B.Monoarticular SCW-Induced arthritis
Next, the monoarticular model induced by intra-articular injection of PG-PS 100P in the hind ankle joint of female Lewis rats followed by systemic intravenous injection. Inflammation localized only in the sensitized joint with no detectable involvement in other joints.
Carrageenan Induced Paw Edema
Carrageenan induced paw edema is an acute non-immune, well established and highly reproducible animal model of inflammation. The cardinal signs of inflammation include edema, hyperalgesia, and erythema, which develop immediately after the subcutaneous injection of carragenan.

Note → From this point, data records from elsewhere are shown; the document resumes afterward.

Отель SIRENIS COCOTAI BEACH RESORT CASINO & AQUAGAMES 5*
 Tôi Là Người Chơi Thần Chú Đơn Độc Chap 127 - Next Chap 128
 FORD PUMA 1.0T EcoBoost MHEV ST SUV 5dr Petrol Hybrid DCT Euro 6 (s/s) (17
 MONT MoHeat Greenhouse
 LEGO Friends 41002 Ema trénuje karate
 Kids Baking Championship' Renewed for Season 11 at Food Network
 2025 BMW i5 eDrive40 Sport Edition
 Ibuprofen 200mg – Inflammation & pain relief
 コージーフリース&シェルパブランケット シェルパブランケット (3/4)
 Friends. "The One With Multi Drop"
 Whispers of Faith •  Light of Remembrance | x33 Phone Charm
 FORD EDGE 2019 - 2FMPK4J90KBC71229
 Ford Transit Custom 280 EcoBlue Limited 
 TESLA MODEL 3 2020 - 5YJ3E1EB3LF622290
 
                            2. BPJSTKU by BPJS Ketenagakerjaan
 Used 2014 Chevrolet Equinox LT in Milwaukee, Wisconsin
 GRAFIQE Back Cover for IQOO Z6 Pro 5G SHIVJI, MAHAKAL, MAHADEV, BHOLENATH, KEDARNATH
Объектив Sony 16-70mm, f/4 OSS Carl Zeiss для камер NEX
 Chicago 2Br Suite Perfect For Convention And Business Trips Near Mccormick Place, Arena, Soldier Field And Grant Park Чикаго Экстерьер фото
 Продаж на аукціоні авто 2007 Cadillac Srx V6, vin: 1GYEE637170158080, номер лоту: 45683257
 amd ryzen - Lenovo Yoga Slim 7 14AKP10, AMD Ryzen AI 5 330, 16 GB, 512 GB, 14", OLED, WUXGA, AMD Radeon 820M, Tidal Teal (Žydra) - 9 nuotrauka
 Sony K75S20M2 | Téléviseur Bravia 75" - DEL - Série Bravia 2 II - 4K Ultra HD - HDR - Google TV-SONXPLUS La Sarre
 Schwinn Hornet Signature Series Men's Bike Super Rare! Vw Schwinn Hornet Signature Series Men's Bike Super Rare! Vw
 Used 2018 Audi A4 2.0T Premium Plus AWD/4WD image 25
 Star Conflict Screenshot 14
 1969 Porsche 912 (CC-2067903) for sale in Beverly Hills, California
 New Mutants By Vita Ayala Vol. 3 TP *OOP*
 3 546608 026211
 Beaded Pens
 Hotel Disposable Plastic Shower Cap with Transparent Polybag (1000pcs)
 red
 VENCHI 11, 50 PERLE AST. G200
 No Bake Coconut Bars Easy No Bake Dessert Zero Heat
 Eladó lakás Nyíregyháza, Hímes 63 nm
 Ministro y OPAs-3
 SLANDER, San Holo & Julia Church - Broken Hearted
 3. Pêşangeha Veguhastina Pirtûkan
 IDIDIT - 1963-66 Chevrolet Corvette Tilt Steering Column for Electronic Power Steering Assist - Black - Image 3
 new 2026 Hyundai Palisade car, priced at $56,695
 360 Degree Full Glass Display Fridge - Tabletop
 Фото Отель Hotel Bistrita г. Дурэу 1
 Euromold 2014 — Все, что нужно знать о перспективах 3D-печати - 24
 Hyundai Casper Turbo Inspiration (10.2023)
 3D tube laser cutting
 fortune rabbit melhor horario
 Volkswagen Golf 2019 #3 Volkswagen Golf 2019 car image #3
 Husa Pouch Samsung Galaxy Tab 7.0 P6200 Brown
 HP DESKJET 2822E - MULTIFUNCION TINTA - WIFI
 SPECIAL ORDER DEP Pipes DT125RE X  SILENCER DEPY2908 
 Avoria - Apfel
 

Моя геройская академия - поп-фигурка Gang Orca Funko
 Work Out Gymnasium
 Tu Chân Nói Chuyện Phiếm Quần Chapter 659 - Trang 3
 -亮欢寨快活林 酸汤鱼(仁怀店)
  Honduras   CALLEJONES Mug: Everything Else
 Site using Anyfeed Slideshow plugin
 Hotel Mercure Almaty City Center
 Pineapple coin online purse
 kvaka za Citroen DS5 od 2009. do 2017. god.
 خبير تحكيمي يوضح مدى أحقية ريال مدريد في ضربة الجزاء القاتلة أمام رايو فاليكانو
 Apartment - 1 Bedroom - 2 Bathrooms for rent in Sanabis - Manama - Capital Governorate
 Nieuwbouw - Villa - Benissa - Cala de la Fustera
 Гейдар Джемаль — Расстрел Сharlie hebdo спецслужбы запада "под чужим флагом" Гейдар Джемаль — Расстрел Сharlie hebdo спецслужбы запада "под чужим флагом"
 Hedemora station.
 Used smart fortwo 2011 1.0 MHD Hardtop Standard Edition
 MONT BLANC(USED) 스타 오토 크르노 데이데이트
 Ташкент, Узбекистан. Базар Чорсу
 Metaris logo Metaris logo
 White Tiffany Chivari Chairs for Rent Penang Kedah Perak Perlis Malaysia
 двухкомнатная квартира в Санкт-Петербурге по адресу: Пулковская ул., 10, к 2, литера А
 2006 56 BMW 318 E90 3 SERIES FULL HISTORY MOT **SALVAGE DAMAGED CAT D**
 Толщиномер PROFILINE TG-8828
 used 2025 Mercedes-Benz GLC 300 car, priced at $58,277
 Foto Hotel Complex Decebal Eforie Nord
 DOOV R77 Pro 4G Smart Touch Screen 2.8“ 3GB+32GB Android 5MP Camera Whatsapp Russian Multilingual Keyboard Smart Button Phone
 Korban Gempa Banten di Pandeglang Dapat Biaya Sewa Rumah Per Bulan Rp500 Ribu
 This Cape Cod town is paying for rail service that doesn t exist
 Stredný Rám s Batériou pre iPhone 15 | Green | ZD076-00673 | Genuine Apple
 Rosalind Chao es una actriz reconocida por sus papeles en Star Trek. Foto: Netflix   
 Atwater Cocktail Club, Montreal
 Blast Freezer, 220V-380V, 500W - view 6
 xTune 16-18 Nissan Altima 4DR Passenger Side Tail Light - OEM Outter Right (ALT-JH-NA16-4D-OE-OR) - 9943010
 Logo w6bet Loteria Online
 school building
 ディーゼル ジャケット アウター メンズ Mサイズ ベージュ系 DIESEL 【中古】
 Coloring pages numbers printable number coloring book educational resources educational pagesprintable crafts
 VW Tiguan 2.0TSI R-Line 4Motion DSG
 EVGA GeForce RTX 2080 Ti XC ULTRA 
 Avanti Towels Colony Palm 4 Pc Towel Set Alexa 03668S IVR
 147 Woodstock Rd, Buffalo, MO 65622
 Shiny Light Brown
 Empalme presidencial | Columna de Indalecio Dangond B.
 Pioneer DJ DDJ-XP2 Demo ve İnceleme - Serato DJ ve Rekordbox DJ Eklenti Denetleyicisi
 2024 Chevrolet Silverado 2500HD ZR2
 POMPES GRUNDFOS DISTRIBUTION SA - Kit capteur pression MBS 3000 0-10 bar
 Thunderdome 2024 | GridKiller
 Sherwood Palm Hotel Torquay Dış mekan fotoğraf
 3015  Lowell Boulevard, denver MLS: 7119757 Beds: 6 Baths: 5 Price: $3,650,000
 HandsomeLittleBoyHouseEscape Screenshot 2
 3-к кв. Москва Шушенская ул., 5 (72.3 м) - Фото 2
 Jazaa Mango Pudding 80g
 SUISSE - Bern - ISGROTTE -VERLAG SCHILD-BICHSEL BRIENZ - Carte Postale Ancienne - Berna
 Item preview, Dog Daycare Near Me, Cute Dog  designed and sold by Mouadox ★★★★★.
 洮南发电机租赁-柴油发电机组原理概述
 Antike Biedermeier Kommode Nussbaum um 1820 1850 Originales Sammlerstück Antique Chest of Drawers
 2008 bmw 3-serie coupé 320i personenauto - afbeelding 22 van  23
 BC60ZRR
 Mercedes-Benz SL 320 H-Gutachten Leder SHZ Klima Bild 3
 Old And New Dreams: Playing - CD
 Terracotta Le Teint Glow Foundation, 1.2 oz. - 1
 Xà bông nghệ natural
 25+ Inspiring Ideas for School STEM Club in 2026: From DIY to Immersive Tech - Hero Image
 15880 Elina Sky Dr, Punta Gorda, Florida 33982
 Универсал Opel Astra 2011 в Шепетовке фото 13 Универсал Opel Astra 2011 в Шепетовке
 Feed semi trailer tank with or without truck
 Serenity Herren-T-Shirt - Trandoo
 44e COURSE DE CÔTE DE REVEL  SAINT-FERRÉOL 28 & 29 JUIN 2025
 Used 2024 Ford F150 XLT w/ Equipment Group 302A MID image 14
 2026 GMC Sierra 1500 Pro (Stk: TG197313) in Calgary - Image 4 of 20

Animals assigned to different groups and dosed with respective test articles. After 30 minutes of administration of test articles, carrageenan suspension injected subcutaneously in the sub-planter region of the right hind paw, while the contralateral paw (left ) serves as control. Paw volume and thickness measured at different time points after the injection. Paw volume measured using plethysmometer, while paw thickness measured using caliper. In addition level of serum cytokines and PGE2 measured by an enzyme-linked immunosorbent (ELISA) assay.
LPS induced Inflammation
Sepsis is a systemic response to serious infection, and has a poor prognosis when associated with organ dysfunction, hypo profusion, and hypotension. Sepsis initiated by exposure to lipopolysaccharide (LPS), a gram-negative bacteria membrane. This results in the overproduction of host inflammatory cytokines, such as TNF-α, IL-1β, IL-6, IL-10 which up-regulate the expression of inducible nitric-oxide (iNOS).
Following acclimatization, animals assigned to different groups and dosed with respective test articles. A hour after administration of test articles, animals injected intraperitoneally with LPS. Survival rates monitored at different time points. In addition serum cytokines levels analyzed.